I have never done this calculation before, so my level of confidence
is not too high, but here is what I would do in the case when X~N
(0,1) [unfortunately I can easily extend it to N(0,s^2), but I don't
have an answer for the general case N(m,s^2)]

Given u in R, we want E[exp(iuX^2)] where X~N(0,1), i.e. we want the
integral:

I=(1/sqrt(2pi))int_R exp(iux^2-x^2/2)dx
=(1/sqrt(2pi))int_R exp(-cx^2/2)dx

where c is the complex number c=1-2iu. Using Fubini theorem, we have:

I^2=(1/2pi)int_R^2 exp(-c(x^2+y^2)/2)dxdy

and after switching to polar coordinates and integrating w.r. to the
angle:

I^2=int_0^+oo rexp(-cr^2/2)dr=1/c=(1+2iu)/(1+4u^2) (*)

The complex number 1+2iu has two roots:

+ or - [((q(u)+1)/2)^(1/2)+isgn(u)((q(u)-1)/2)^1/2] (**)
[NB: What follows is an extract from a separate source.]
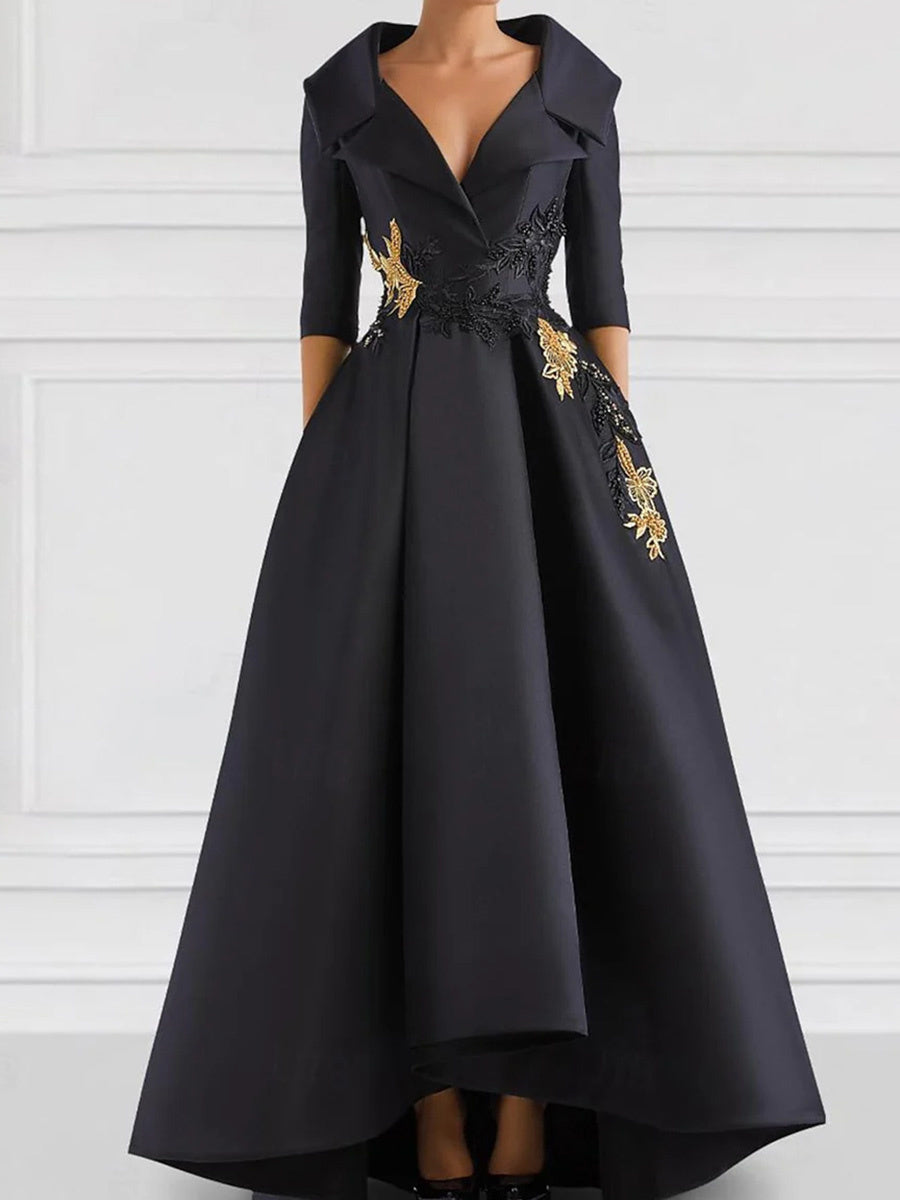 A-line V-neck 1/2 Sleeves Appliques Lace Asymmetrical Satin Corset Mother of the Bride Dress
where q(u)=sqrt(1+4u^2) and sgn(u)=u/|u| (for u<>0) is the sign of u.

It is not too difficult to convince yourself that for u>0, the
imaginary part of I should be positive. From this fact and (*) and
(**) we obtain:

I=(1/q(u))[((q(u)+1)/2)^(1/2)+isgn(u)((q(u)-1)/2)^1/2]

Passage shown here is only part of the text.